Tag Archives: literature

Some People I Would Like to Thank

I’m sitting in the coffee shop and hearing a man talking to himself. There’s nothing to see her. Just keep moving.

Anyway, I’ll take this time to thank the writers who’ve come before me.

I remember going to a company party on July Fourth when I was in my twenties—close to twenty years ago. Everyone except my friend and I sat at the pool or the jacuzzi on a hot day. We perused the bookshelf inside the house in Lawndale, a trashy little town a little south of Los Angeles.

My friend plucked a book from the shelf called Hot Water Music by Charles Bukowski.

“You got to read this guy,” he said. “It’s so easy to read.”

I’d read some of Bukowski in college. A roommate had kept a book of poems on the toilet in our dorm, and I remember turning it to a page where Bukowski described a trip to Bakersfield, where I lived through high school and some of college.

My friend flipped it to a page for a short story for me to read. It was about a random couple that would have sex in the apartment elevator at random times. The story lasted maybe ten pages if that, but it was largely entertaining.

I became addicted to Bukowski after that story. It was cinematic the way it was written.

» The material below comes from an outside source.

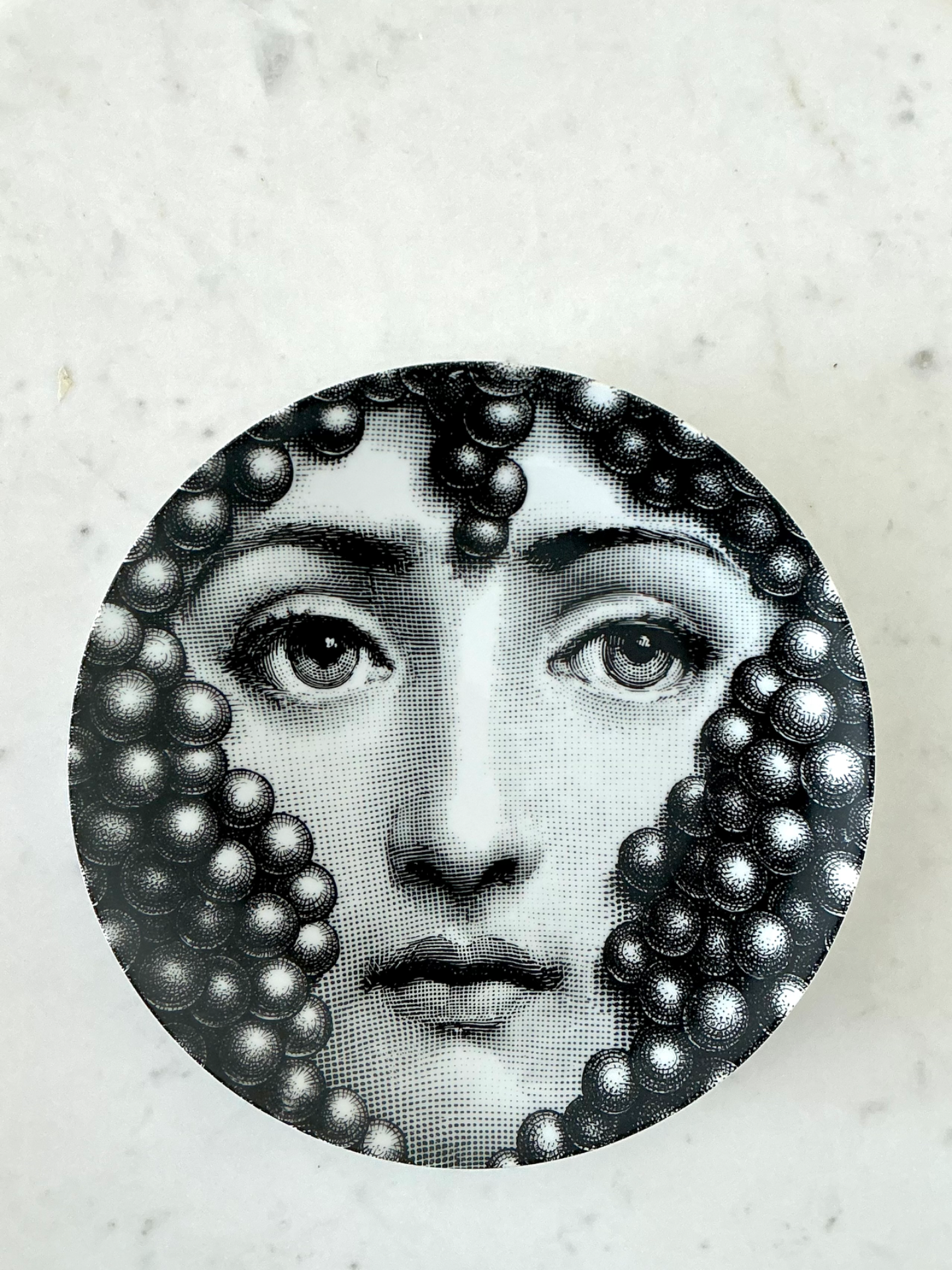 Piero Fornasetti Tema e Variazioni Porcelain Plate - Top view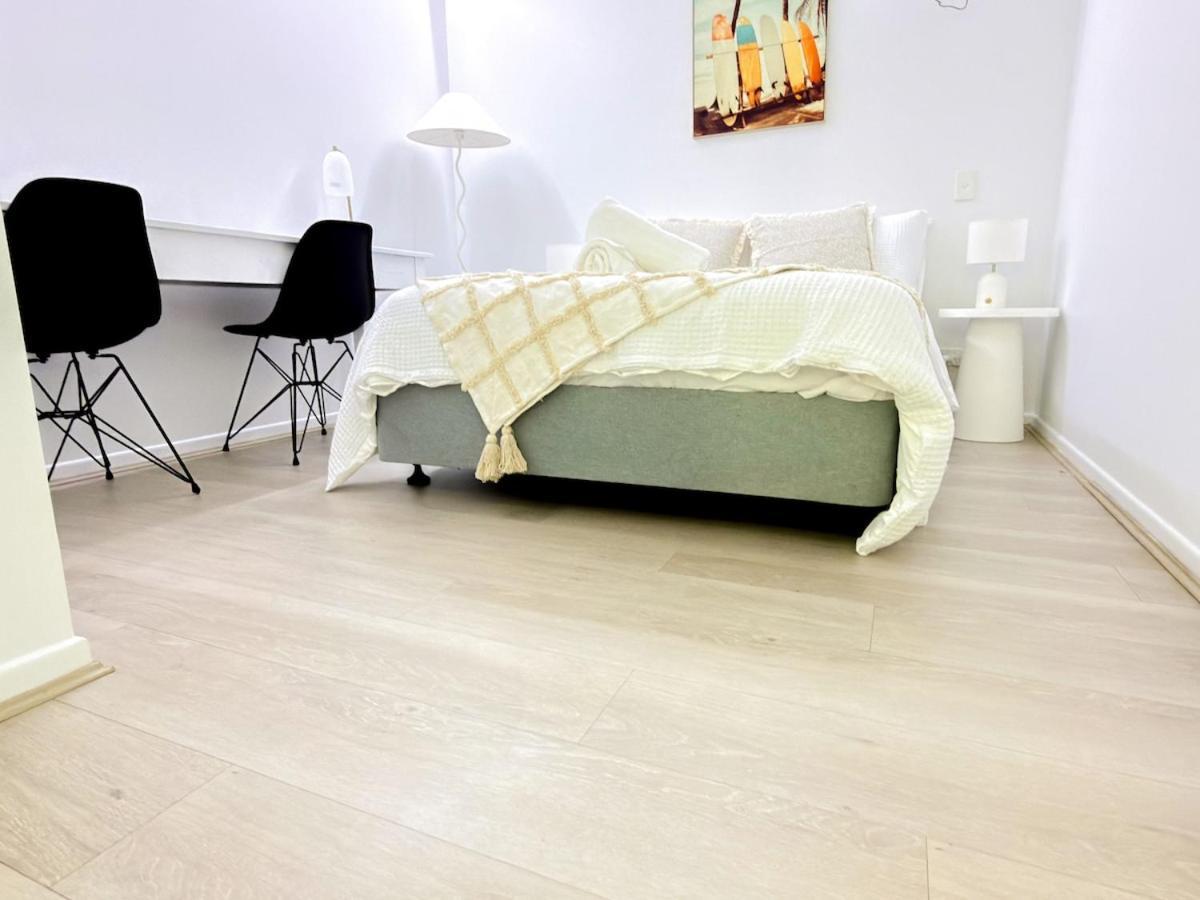 Oasis - Free Parking Gym Pool - Sleep 6 Apartment *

Bukowski had a knack for introducing other writers. I learned about Celine, Hamsun, Hemingway, Fante, and those were just the novelists. And I tried to read all of their books but couldn’t quite make it.

Celine was too esoteric for my liking, so I never finished a book of his.

Hamsun’s Hunger is considered to be a classic among certain readers. I read it the whole way through, waiting for a payoff that wouldn’t come, but I still respected the writing.

Hemingway was Hemingway: direct, humorless, way too serious.

Fante was Bukowski without the obscenities. I think I read all of his books except for a few. Ask the Dust was really good. I even saw the movie, which starred the Irish actor Colin Farrell. He wouldn’t have been my first choice. The main character was Italian.

Anyway, those are some of my favorite writers. I don’t celebrate a genre. I could read Thurber one day and Vonnegut the next. Some days, I’m in the mood for a good detective novel, although The Big Sleep was too slangy for me with too many weird metaphors.

My favorite Bukowski book is Ham on Rye. It’s about his childhood. In the documentary Born This Way, Charles described it as a horror story. I could see where he would say that. His childhood, if he’d portrayed it accurately, did sound horrific.

I wouldn’t put Post Office far behind Ham on Rye if it’s my second favorite book of his. Factotum might be. They made a film out of that as well, starring Matt Dillon as the Bukowski character. Again, he wouldn’t have been my first choice, but it was close enough, I guess.

I haven’t read Bukowski in many years. I’ve exhausted his books and want to discover someone else with a voice I really love, but I have yet to find that person.

But I do love what Jane Bowles had written. Two Serious Ladies is a book I would recommend to everyone. I just looked her up online. It was her only novel. She’d written mostly short stories and a play. So she’s someone I would want to explore further once I’m done with my reading list, which is arduous. Most of the writing, these so-called classics, has been painful to get through. I don’t recommend anything besides Bowles thus far.